The optical density (O.D) was automatically recorded every 30 min using a 600 nm filter over 7 days (10,080 min). The data were recorded using the software Easy Bioscreen Experiment (EZExperiment) provided by the manufacturer and then exported to a Microsoft Excel Professional 2010 (Microsoft Corporation, Washington, USA) datasheet for further analyses.

5.3. Aflatoxin Assessment

For each treatment and condition, 3 replicates corresponding to the content of 3 wells were transferred to 2 mL Eppendorf tubes. AF extraction was carried out with 0.8 mL of chloroform (Merck, Darmstadt, Germany), by vigorous shaking for 60 min. The mix was then centrifuged for 5 min at 5000 rpm (Centrifuge 5417 R (Eppendorf, Stevenage, UK)). The aqueous phase was decanted, and the chloroform phase was transferred to a new tube. The samples were evaporated to dryness in a miVac vacuum centrifuge (SP Scientific, Suffolk, United Kingdom), and the residues were redissolved in 500 μL methanol/water (50:50; v/v). The samples were filtered using a nylon syringe filter, 0.22 μm pore size (Minisart®, Sartorius Stedim, Germany), and were transferred into HPLC-FLD vials and stored at −20 °C until analysis.

The samples were analyzed by an HPLC-FLD detector (Agilent1200 series HPLC, Agilent, Cheadle, UK), coupled to a UVE photochemical derivatizer (LCTech, Obertaufkirchen, Germany). The FLD detector excitation and emission wavelengths were 330 and 460 nm, respectively. Chromatographic separations were performed on a C18 column ZORBAX-Eclipse Plus (4.6 × 150 cm, 3.5 µm (Agilent, Cheadle, UK)). Methanol/water/acetonitrile (30:60:10; v/v/v) was used as the mobile phase at a flow rate of 1 mL/min. AFG2, AFG1, AFB2 and AFB1 were eluted at 6.5, 7.6, 8.7 and 10.4 min, respectively. The signals were processed by Agilent Chem-Station software (Agilent Technologies, Palo Alto, CA, USA). AFs were quantified on the basis of the HPLC fluorimetric response compared to a range of mycotoxin standards supplied by Romer Labs (Romer Labs, Runcorn, UK). The limit of detection (LOD) of the analysis was 0.52 ng for AFB1 and AFG1, and 0.06 ng for AFB2 and AFG2, based on a signal to noise ratio of 3:1.

5.4. Data Analysis

The raw datasets obtained from the Bioscreen C were subjected to two further steps before analysis.
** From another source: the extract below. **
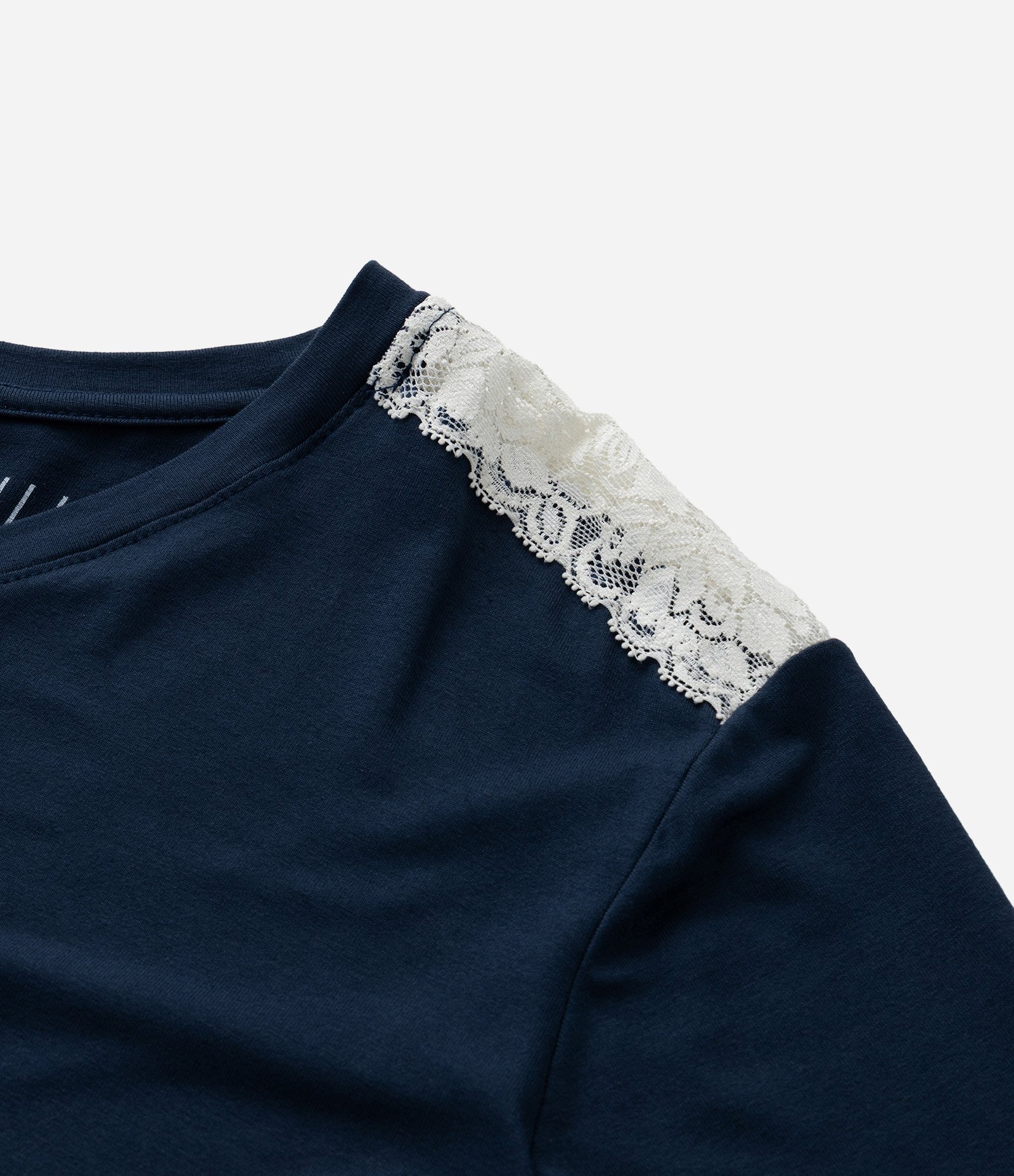 Pijama Curto em Viscolycra com Detalhe de Renda Contrastante Curve & Plus Size Azul 10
First of all, the average of the first 5 measurements (180 min) for each well was calculated, and the average was subtracted from all subsequent measurements in order to correct the different signal backgrounds. Subsequently, the time to detection (TTD) for 0.2 nm of O.D was obtained using a Microsoft Excel template (kindly provided by Dr. R. Lambert), which used linear interpolation between successive O.D readings [29].
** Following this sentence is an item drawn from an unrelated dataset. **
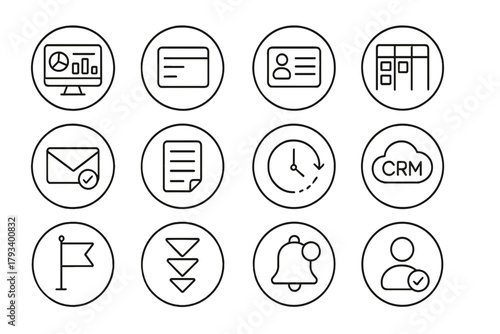 Sales CRM Tool Icons. Line style round icons of sales CRM tools: dashboard view, pipeline card, contact record, deal board; email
Once the TTDs were obtained, analysis of variance (ANOVA) was performed using the different concentrations of EOs (0, 350, 700 and 1000 μg/mL) and aw (0.94, 0.96 and 0.98) as independent variables to evaluate the effect of SM and OV essential oils on the fungal growth of A7 and A10 strains of A. flavus. In all cases, statistical analysis was performed independently for each EO and isolate. Because of the lack of normality of the AF production datasets, ANOVA analysis was performed using a log-transformed dataset. The mean comparisons for each independent variable (EO concentration and aw) were done using Tukey’s HSD. The statistical package JMP 8 (SAS Institute Inc., 2008; Cary, NC, USA) was used in the analysis.

Table A1

Chromatograms of Origanum virens and Satureja montana essential oils.

Time (minutes)	Compound	Area (%)
		Satureja montana	Origanum virens
11.03	tricyclene	ND	1.7
11.04	alpha-thujene	2.0	ND
11.39	alpha-pinene	1.5	0.7
12.01	Canfeno	0.6	0.2
12.63	Sabineno	0.9	0.6
12.98	beta-pineno+Myrcene	5.7	2.4
13.81	delta-3-carene	0.5	0.4
14.18	alpha-terpinene	3.2	4.5
14.49	para cymene	12.6	3.6
14.64	Limoneno	1.6	0.4
15.70	gamma-terpinene	22.5	46.0
16.18	cis sabinene hydrate	0.5	0.3
17.02	linalool	1.6	0.1
20.13	borneol	1.4	0.2
20.32	terpinen-4-ol	1.0	0.5
22.16	nerol	ND	1.3
23.97	thymol	2.0	21.0
24.42	carvacrol	34.6	0.1
28.70	trans-caryophyllene	1.5	5.1
29.84	e-beta-farnesene	0.1	0.9
30.60	valencene	0.2	3.0
31.08	bicyclogermacrene	1.0	2.1

ND: not detected (values below detection limits).